■ **Try it**
The entries below contain a line with "จี้ เพชรสวิส" and a line with "19.12.2020, Berlin - Deutschland.". Quote exactly those two lines and all lines between them.

■ **Extracted entries**
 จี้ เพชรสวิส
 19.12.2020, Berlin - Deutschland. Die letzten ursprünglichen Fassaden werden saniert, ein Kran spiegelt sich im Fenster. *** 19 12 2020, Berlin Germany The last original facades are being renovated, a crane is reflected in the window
--
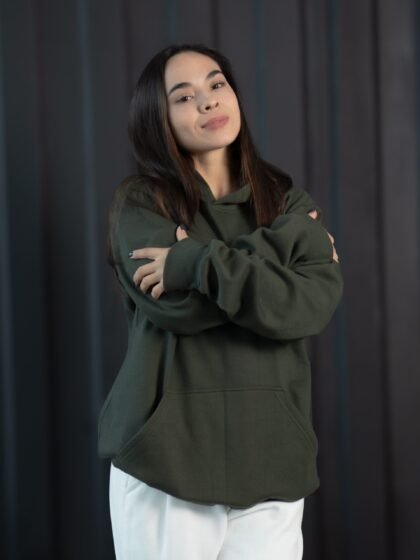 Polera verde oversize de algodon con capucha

■ **Response**
 จี้ เพชรสวิส
 19.12.2020, Berlin - Deutschland. Die letzten ursprünglichen Fassaden werden saniert, ein Kran spiegelt sich im Fenster. *** 19 12 2020, Berlin Germany The last original facades are being renovated, a crane is reflected in the window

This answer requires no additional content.